Back in the spring of 2004, I took my Mother to Manhattan for the first time.   She had wanted to dine at Balthazar, along with other “famous” restaurants.   We no sooner took our seats, not waiting for the wait staff to enough utter a word; she orders “a very martini and a steak frites, please”.   I have never seen my Mother drink a single drop of alcohol in my lifetime!!

But I digress.   The special for the day was a rabbit dish, I ADORE RABBIT.   Very seldom do you see it on menus and I had to have it.   My mouth was watering as the plate was presented, but you know I can not remember how it was prepared.

Maybe someone at Cheftalk.com can help me out and suggest a recipe.   I recently have found an honest-to-goodness butcher here in town and he carries game.    I waited a bit to think about this again, out of courtesy to the Easter Bunny.


----------



## granny smith (Jan 31, 2011)

Was it rillettes of _rabbit_ with marinated mushrooms?

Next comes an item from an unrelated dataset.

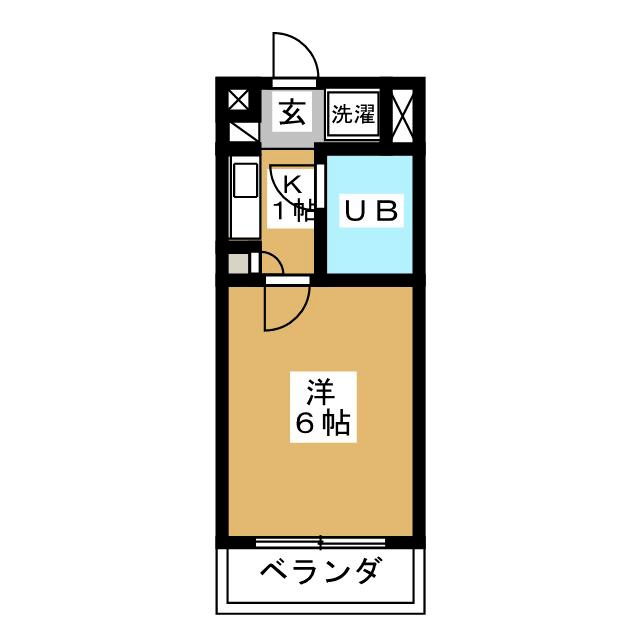 品川区小山のマンションの間取り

I've been googling and that was the only rabbit dish I could find in connection with Balthazar.


----------



## kaneohegirlinaz (Apr 24, 2011)

You know, that's not it, but I never thought to "google" a recipe at Balthazar.  It was more like a stew or fricassee, but it was a rich brown sauce with veggies.  You Granny Smith, I was so excited at the time.


----------



## kaneohegirlinaz (Apr 24, 2011)

For some reason, this has been bugging me, trying to find this rabbit recipe. 

It struck me last night as I was falling asleep, I made a scrapebook of that trip for my Mother.  Guess what I had put in it?  Copies of the menus from each restaurant we had been to!!

Lapin Aux Pruneaux

I looked up the recipe, but there is no way that my husband will eat that, he doesn't care for prunes.

Could someone make a suggestion for a nice rich brown sauce-based rabbit recipe?

Please?


----------



## chrisbelgium (Oct 2, 2010)

Kaneo, the dish is very much Belgian origin. It was often made at festive days, even at the time my grandmothers still lived 50+ years ago. I make it a few times a year. Rabbit is widely available in my country, not wild ones, they are bred. The recipe looks very much like our worldfamous carbonades flamandes which is also a stew made with beer.

Lapin aux pruneaux is made with dried prunes and dark beer. A type dark "Leffe" beer is very much OK. I often use Californian dried prunes.

Start by cutting the rabbit in pieces. Do keep the liver and kidneys, they are delicious!

Sweat onion or shallot and a few cloves of garlic. Take out of the pan.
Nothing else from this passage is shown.